Der Prozesstag endete mit der als wiederholte Einschüchterung
der Angeklagten zu verstehenden Behauptung, die Angeklagten Sabine
E. und Matthias B. kämen als Rädelsführer der Revolutionären
Zellen (RZ) in Betracht.
"Wir hätten gern etwas über das Leben von
Herrn H[...] erfahren"
Der unvereidigt entlassene Zeuge, BKA- Mann van Elkan, gab den
schulischen und beruflichen Werdegang des Angeklagten Axel H. wieder.
Grund- und Oberschulzeiten, Abitur sowie Biologie- und Politologiestudium
kamen dabei ebenso zur Sprache wie die Tätigkeit im Kneipenkollektiv
"Spektrum", die Beschäftigung im Weinhandel und dann als Hausmeister
im MehringHof.
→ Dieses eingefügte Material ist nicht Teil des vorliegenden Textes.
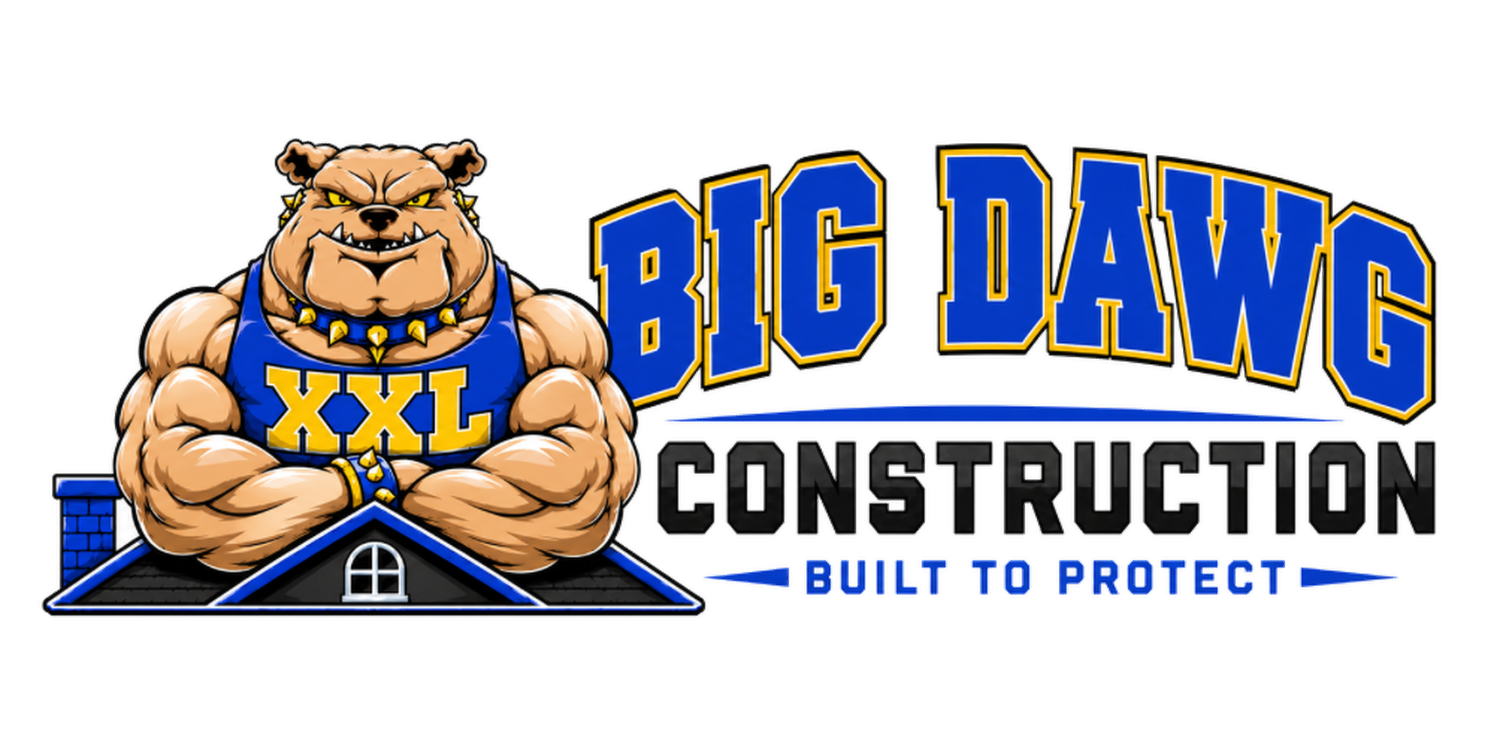 Big Dawg Construction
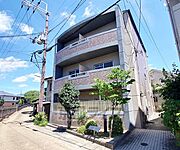 パトリード有栖２ 2階 築29年4ヶ月の賃貸物件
Zum von der Vorsitzenden Richterin als "Umfeld" bezeichneten
Freundeskreis konnte van Elkan keine Angaben machen, wusste jedoch
zu berichten, das Axel H. den im Oktober 1988 aus der Haft entlassenen
Harry Stürmer (Bewegung 2. Juni) von der Justizvollzugsanstalt,
also aus dem Knast, abgeholt habe. Auch Familien- und die finanziellen
Verhältnisse kamen zur Sprache.
Ein zweiter Vernehmungsgegenstand betraf die Durchsuchung des Dachbodens
im Wohnhaus des Angeklagten Matthias B. Dort habe er, van Elkan,
Zeitschriften gefunden, unter denen sich auch das Magazin "interim"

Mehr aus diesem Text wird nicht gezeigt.